The first love of Tinder and eHarmony Inc. might have been online dating, but the companies are moving on to a more buttoned-up type of romance: the lucrative human resources industry.

EHarmony launched Elevated Careers on April 1, a job site that uses algorithms to connect job candidates with companies by matching skills, personality, and company culture. Last month, Tinder acquired contact management app Humin for an undisclosed amount, which could help Chief Executive Sean Rad with his ambitions to use Tinder’s swipe-to-connect feature for a forthcoming networking app.

Motivating those moves are the respective companies’ attention to the bottom line as they push up against the edge of the large – but limited – dating market. EHarmony’s market research indicates that the U.S. dating industry worth anywhere from $4 billion to $5 billion. That’s less than one-tenth of the $60 billion to $80 billion U.S. job recruitment industry.

“Elevated (Careers) has a much larger potential,” said Neil Clark Warren, eHarmony’s chief executive and co-founder.

But executives at online recruitment companies said eHarmony and Tinder might struggle to break into an industry crowded with competition.

“For new entrants, there is a high wall to get over,” said Ian Siegel, chief executive of Santa Monica online job-listing aggregator ZipRecruiter. “Job seeking (through search engine optimization) – it’s one of the most hypercompetitive categories online.”

Driving traffic to Elevated Career’s website will require eHarmony to appear high in organic search engine results. The West L.A. company would also need to outbid rivals in targeted paid search and banner advertisements, tasks which are difficult and expensive in the crowded online recruitment industry.

Dozens of online recruitment startups are launched each year, yet many of those budding companies are short-lived, according to those in the field.

Having built plenty of runway with their core dating businesses, eHarmony and Tinder appear undeterred.

“We are very excited about this,” said Warren, 81. “We had a lot of outside experts look it over and they’ve given it such positive feedback. It could change a whole lot of what goes on in this area.”

In works

Rad, 29, has talked for years of building a professional networking app, and his West Hollywood company has been making strides toward that goal.

Tinder updated its app in November to allow users to include education and job information on their profiles. In August, it launched a pilot networking app of sorts for all past and current members of Forbes’ “30 Under 30” list. The app included a member directory, a social platform to share links and ask questions, and a messaging feature. The acquisition of Humin last month moves Tinder even closer to launching a public networking app.

The company has been coy about its efforts to break into the professional networking realm, declining to disclose its plans for Humin’s technology.
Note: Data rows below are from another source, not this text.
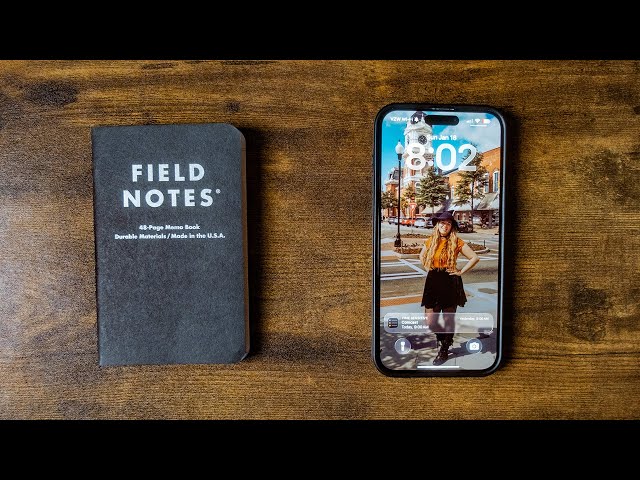 Replacing the Dopamine Loop with a Pocket Notebook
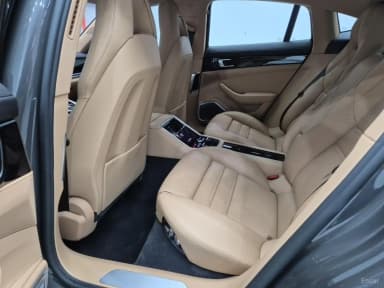 Panamera (971)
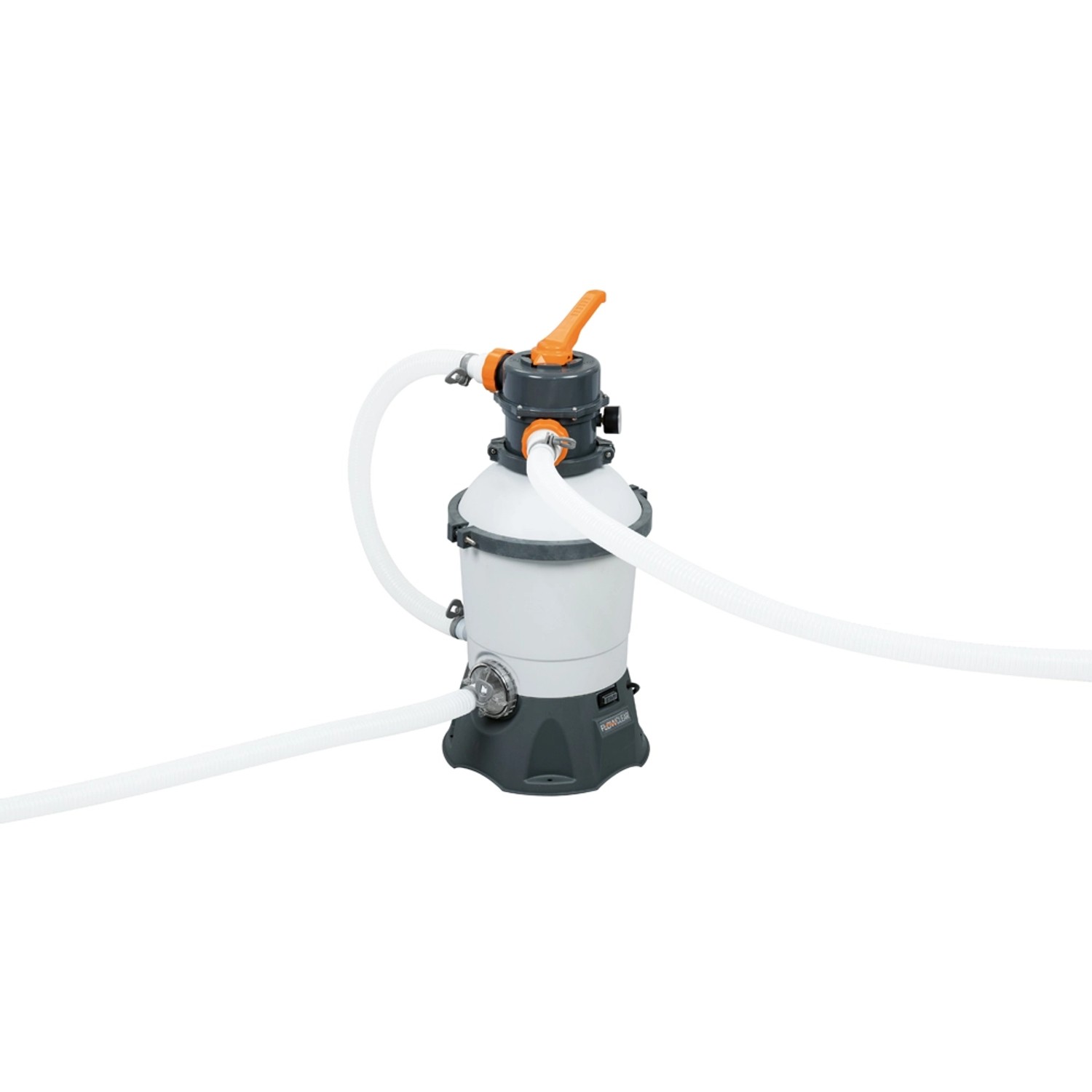 Pompa piaskowa do basenu - 3596 l/h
Nonetheless, Rad has spoken about the company’s plans previously.

“You know that we deliver on the process of meeting someone new,” he said in an interview with Forbes in 2013. “It’s a very natural extension to say, ‘We’ve been doing that for relationships. Now we’re going to start doing that for your business life.’”

EHarmony has a similar outlook.

“We are delighted with the fact that (eHarmony) seems to fuse easily with this new product,” said Warren. “People see what we’ve done in the past joins with this product.”

Warren said Elevated Careers can shake up the online recruitment industry by automating and quantifying many of the intangible parts of hiring, such as finding compatibility between hiring managers and employees, as well as matching candidates with a company’s culture.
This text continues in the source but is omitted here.